Osorio não deixará somente novas maneiras de enxergar o futebol e posicionar a equipe dentro de campo. De acordo com o próprio treinador, ele defenderá levará consigo aprendizados que pode ter no curto período em que dirigiu o Tricolor.
- A experiência de treinar o São Paulo me puxou mais para frente, como treinador e homem de futebol. Eu creio também que estar aqui, ficar no Brasil, trabalhar no Brasil, com tanta pressão no futebol me fortaleceu, e me enriqueceu para tomar esta nova oportunidade na minha carreira.
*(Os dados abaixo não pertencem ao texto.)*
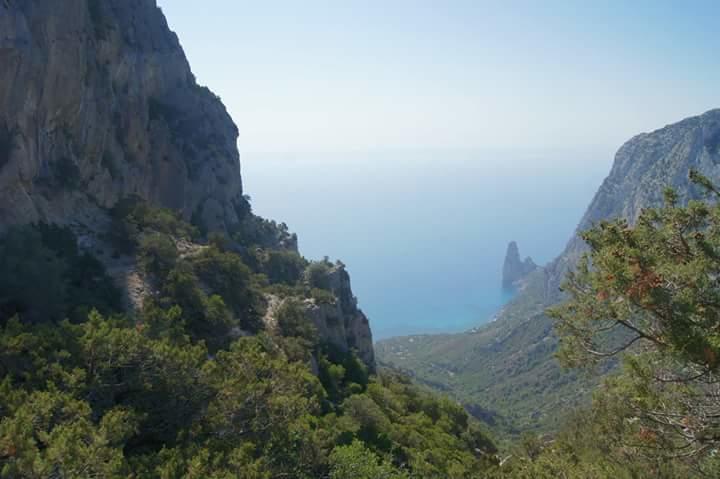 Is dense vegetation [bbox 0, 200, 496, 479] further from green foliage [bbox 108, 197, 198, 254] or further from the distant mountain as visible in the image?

Eu creio que nos quatro meses, cada dia era um desafio diferente. Eu sou um homem proativo, mais de ocupar-se a progredir, não preocupar-se e lamentar-se. Eu procuro focar-me nas tarefas e nas coisas que posso mudar. Por isso sempre me foquei 100% - analisou Osorio.
Em busca do sonho de treinar alguma seleção em uma Copa do Mundo, o colombiano poderá levar o México ao Mundial da Rússia, em 2018. Depois disso, quando desembarcar no território russo, não descartou a volta ao São Paulo quando perguntado se sua despedida era "um adeus ou um até logo".
- Hasta luego. Até logo. Fica aberto. Seguramente, sem dúvida, vou sempre ter São Paulo no coração, a torcer pelo time. O futebol muda constantemente, seguramente regressarei ao Brasil e a São Paulo, olhar o jogo, torcer pelo time, trabalhar, ver jogadores - disse.